RECORDS TO USE Start Marker
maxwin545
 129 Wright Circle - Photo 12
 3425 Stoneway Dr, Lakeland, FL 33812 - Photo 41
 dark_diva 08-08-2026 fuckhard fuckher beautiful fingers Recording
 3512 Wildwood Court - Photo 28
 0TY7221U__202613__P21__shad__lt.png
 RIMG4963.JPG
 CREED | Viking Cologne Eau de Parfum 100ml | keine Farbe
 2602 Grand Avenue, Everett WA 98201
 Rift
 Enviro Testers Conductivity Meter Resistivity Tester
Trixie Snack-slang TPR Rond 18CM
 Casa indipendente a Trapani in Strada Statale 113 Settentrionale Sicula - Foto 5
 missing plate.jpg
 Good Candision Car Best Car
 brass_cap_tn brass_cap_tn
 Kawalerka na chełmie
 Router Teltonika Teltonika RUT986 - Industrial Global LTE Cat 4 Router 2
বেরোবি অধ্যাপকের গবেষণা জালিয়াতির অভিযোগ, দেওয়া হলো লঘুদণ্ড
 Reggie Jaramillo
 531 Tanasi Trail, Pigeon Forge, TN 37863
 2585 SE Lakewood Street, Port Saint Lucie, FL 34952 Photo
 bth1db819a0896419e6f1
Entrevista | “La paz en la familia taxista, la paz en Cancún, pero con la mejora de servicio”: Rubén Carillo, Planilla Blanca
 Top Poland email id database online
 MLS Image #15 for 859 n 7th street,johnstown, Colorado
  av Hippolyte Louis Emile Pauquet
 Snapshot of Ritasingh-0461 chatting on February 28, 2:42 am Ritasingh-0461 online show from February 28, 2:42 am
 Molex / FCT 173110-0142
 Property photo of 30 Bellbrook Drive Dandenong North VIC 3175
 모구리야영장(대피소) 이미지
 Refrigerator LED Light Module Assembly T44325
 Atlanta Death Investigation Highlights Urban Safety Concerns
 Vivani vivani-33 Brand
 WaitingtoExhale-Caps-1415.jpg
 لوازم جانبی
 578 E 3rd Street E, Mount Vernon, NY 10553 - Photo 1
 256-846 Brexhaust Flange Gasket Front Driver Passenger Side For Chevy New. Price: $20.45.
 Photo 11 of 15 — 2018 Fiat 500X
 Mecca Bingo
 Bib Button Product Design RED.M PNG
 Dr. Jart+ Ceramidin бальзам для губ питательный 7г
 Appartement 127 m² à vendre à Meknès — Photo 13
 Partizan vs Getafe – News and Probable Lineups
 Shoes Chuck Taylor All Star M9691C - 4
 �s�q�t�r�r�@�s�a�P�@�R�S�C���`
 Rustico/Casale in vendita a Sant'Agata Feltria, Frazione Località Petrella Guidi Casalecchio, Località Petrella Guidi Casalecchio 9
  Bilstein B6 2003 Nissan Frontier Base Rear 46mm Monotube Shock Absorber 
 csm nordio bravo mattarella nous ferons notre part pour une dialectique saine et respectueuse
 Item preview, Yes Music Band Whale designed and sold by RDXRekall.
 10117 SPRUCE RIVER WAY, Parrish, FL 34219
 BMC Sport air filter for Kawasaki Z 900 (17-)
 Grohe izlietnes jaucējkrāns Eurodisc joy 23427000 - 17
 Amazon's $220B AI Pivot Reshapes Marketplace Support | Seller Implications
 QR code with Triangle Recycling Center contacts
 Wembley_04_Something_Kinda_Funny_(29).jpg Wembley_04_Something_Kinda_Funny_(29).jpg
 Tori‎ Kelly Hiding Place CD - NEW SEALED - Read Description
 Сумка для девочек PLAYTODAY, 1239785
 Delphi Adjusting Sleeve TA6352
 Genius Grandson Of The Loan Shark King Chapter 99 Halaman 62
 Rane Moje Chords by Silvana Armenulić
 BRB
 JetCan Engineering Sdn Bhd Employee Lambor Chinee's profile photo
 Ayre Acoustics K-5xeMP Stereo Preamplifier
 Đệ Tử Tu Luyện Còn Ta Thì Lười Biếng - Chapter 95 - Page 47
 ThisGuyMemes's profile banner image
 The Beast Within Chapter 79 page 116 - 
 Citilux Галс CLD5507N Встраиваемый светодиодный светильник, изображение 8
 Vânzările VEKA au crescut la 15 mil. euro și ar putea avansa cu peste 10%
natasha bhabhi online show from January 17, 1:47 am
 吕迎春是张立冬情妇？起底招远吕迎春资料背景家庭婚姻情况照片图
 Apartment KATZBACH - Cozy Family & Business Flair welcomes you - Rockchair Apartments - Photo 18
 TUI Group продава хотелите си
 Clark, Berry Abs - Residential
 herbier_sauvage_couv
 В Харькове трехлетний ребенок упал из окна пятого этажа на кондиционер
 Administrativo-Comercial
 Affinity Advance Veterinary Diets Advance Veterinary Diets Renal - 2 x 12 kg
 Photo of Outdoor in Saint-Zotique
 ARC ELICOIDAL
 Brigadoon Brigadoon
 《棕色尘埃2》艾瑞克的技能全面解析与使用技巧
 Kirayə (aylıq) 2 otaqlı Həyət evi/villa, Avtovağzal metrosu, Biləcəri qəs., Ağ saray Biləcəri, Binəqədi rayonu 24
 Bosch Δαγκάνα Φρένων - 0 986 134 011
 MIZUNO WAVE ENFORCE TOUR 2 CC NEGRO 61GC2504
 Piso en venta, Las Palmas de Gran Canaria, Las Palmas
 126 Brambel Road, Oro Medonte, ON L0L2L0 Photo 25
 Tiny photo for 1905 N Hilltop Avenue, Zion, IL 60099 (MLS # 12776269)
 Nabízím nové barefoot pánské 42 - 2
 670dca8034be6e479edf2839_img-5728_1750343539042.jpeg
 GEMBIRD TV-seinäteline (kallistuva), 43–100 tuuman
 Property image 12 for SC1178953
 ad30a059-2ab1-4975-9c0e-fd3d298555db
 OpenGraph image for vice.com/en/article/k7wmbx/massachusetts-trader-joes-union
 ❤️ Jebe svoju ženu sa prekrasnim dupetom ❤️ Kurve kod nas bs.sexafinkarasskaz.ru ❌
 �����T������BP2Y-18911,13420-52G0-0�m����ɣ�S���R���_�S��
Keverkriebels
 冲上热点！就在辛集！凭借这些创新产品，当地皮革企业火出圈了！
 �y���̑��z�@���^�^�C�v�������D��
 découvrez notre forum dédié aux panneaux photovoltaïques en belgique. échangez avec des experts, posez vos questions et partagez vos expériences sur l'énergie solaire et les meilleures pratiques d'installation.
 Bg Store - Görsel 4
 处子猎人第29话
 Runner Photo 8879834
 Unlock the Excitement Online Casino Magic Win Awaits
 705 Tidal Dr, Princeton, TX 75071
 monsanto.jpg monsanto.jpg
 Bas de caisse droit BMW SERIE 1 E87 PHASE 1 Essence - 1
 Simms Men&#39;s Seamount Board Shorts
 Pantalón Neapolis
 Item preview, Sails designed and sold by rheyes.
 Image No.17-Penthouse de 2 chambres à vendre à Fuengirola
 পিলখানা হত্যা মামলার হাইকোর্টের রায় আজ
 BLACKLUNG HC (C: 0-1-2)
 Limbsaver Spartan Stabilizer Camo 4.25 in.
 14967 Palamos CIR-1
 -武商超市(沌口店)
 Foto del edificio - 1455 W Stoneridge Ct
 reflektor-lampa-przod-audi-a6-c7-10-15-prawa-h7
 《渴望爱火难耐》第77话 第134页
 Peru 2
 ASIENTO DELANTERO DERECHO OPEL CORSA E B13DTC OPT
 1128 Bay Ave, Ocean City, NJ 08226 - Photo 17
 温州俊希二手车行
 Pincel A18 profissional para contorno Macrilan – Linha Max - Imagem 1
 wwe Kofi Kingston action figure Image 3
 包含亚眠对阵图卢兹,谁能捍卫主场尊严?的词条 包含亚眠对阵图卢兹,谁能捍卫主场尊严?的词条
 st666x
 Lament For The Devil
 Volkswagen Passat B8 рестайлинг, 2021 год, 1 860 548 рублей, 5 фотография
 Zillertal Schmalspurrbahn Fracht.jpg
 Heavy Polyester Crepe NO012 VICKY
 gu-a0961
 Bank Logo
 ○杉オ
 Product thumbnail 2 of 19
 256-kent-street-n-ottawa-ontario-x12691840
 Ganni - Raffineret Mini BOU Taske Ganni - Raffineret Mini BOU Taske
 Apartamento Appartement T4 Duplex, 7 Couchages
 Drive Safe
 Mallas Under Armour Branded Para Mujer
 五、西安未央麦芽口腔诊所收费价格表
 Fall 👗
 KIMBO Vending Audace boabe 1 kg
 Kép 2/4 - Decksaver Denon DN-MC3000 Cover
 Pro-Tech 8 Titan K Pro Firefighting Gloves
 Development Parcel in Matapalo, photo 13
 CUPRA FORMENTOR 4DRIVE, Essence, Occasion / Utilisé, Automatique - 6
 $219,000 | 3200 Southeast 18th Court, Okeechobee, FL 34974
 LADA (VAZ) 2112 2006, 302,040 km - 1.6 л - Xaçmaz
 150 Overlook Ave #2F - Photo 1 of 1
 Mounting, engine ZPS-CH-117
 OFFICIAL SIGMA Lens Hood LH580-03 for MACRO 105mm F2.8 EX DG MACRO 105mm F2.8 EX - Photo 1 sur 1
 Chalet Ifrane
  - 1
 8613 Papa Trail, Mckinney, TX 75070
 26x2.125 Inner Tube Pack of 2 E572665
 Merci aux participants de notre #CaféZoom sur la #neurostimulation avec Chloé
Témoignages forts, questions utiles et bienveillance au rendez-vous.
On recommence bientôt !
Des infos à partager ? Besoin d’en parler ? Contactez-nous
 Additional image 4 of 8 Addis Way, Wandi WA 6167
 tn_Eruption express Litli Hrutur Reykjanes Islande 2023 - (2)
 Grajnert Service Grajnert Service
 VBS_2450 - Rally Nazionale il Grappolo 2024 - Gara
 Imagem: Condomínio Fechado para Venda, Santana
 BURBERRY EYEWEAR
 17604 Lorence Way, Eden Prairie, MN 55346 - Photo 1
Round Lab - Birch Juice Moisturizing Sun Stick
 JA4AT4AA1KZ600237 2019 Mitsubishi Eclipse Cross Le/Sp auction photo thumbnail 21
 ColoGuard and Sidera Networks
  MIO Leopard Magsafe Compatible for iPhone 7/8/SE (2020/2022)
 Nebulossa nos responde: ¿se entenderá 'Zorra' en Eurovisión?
RECORDS TO USE End Marker
**WHAT TO WORK ON**
Repeat, character for character, the lines of the material above from the line with "Item preview, Sails" through the line with "Mounting, engine ZPS-CH-117".

**ANSWER FOR THE TASK**
 Item preview, Sails designed and sold by rheyes.
 Image No.17-Penthouse de 2 chambres à vendre à Fuengirola
 পিলখানা হত্যা মামলার হাইকোর্টের রায় আজ
 BLACKLUNG HC (C: 0-1-2)
 Limbsaver Spartan Stabilizer Camo 4.25 in.
 14967 Palamos CIR-1
 -武商超市(沌口店)
 Foto del edificio - 1455 W Stoneridge Ct
 reflektor-lampa-przod-audi-a6-c7-10-15-prawa-h7
 《渴望爱火难耐》第77话 第134页
 Peru 2
 ASIENTO DELANTERO DERECHO OPEL CORSA E B13DTC OPT
 1128 Bay Ave, Ocean City, NJ 08226 - Photo 17
 温州俊希二手车行
 Pincel A18 profissional para contorno Macrilan – Linha Max - Imagem 1
 wwe Kofi Kingston action figure Image 3
 包含亚眠对阵图卢兹,谁能捍卫主场尊严?的词条 包含亚眠对阵图卢兹,谁能捍卫主场尊严?的词条
 st666x
 Lament For The Devil
 Volkswagen Passat B8 рестайлинг, 2021 год, 1 860 548 рублей, 5 фотография
 Zillertal Schmalspurrbahn Fracht.jpg
 Heavy Polyester Crepe NO012 VICKY
 gu-a0961
 Bank Logo
 ○杉オ
 Product thumbnail 2 of 19
 256-kent-street-n-ottawa-ontario-x12691840
 Ganni - Raffineret Mini BOU Taske Ganni - Raffineret Mini BOU Taske
 Apartamento Appartement T4 Duplex, 7 Couchages
 Drive Safe
 Mallas Under Armour Branded Para Mujer
 五、西安未央麦芽口腔诊所收费价格表
 Fall 👗
 KIMBO Vending Audace boabe 1 kg
 Kép 2/4 - Decksaver Denon DN-MC3000 Cover
 Pro-Tech 8 Titan K Pro Firefighting Gloves
 Development Parcel in Matapalo, photo 13
 CUPRA FORMENTOR 4DRIVE, Essence, Occasion / Utilisé, Automatique - 6
 $219,000 | 3200 Southeast 18th Court, Okeechobee, FL 34974
 LADA (VAZ) 2112 2006, 302,040 km - 1.6 л - Xaçmaz
 150 Overlook Ave #2F - Photo 1 of 1
 Mounting, engine ZPS-CH-117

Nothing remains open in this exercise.